▶ _Activity_: Beneath this line is the data. Output exactly the lines from the line with "District Rodney West" to the line with "Meerkat girls mama", both ends included, and nothing more.

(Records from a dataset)
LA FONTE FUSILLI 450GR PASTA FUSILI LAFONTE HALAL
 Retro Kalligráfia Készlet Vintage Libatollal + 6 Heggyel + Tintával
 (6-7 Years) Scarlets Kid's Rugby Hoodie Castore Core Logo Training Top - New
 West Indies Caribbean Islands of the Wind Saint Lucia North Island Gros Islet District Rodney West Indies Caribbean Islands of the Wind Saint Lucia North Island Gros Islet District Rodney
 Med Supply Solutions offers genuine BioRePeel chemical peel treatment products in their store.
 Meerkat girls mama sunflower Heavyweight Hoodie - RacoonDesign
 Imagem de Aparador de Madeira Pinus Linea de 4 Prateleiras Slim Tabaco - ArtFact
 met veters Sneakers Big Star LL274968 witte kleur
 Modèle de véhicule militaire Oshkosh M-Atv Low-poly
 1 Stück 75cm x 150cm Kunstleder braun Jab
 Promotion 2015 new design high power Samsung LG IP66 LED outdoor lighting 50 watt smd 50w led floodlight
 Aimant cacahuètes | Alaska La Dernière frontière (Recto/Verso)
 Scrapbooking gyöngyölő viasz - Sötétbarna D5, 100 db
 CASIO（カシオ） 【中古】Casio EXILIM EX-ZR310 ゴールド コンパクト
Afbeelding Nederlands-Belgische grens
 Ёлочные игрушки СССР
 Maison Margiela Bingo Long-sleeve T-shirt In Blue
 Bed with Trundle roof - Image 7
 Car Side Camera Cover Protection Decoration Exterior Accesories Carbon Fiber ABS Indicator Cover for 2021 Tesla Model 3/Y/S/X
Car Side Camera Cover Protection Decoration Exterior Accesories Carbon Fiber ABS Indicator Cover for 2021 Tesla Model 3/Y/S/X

▶ _Result of this task_:
 West Indies Caribbean Islands of the Wind Saint Lucia North Island Gros Islet District Rodney West Indies Caribbean Islands of the Wind Saint Lucia North Island Gros Islet District Rodney
 Med Supply Solutions offers genuine BioRePeel chemical peel treatment products in their store.
 Meerkat girls mama sunflower Heavyweight Hoodie - RacoonDesign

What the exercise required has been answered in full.